TASK INSTRUCTIONS -> Look for the line containing "From The Anvil" in the listing below. Retype that line and every subsequent line through the last one, and only those.

INPUT ->

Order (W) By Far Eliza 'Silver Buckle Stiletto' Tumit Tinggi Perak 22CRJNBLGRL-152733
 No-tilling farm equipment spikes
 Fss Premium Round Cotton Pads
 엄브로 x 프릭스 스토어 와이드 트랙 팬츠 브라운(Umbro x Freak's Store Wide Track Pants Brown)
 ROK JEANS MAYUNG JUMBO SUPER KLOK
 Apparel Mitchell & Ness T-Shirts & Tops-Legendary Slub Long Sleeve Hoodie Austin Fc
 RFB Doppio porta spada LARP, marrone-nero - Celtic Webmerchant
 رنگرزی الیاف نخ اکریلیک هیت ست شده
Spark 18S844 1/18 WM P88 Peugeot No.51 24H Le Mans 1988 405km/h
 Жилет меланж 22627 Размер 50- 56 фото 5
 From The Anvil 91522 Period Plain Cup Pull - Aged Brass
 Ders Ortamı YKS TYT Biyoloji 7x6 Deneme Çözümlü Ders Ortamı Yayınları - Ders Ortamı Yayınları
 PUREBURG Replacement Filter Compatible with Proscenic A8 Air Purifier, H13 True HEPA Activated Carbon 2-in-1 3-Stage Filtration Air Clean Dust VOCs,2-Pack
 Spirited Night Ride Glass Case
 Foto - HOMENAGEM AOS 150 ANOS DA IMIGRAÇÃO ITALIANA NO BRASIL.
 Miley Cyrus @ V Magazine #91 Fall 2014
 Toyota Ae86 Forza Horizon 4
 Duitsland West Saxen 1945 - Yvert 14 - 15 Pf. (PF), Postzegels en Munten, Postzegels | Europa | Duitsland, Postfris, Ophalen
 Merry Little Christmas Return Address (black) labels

ANSWER ->
 From The Anvil 91522 Period Plain Cup Pull - Aged Brass
 Ders Ortamı YKS TYT Biyoloji 7x6 Deneme Çözümlü Ders Ortamı Yayınları - Ders Ortamı Yayınları
 PUREBURG Replacement Filter Compatible with Proscenic A8 Air Purifier, H13 True HEPA Activated Carbon 2-in-1 3-Stage Filtration Air Clean Dust VOCs,2-Pack
 Spirited Night Ride Glass Case
 Foto - HOMENAGEM AOS 150 ANOS DA IMIGRAÇÃO ITALIANA NO BRASIL.
 Miley Cyrus @ V Magazine #91 Fall 2014
 Toyota Ae86 Forza Horizon 4
 Duitsland West Saxen 1945 - Yvert 14 - 15 Pf. (PF), Postzegels en Munten, Postzegels | Europa | Duitsland, Postfris, Ophalen
 Merry Little Christmas Return Address (black) labels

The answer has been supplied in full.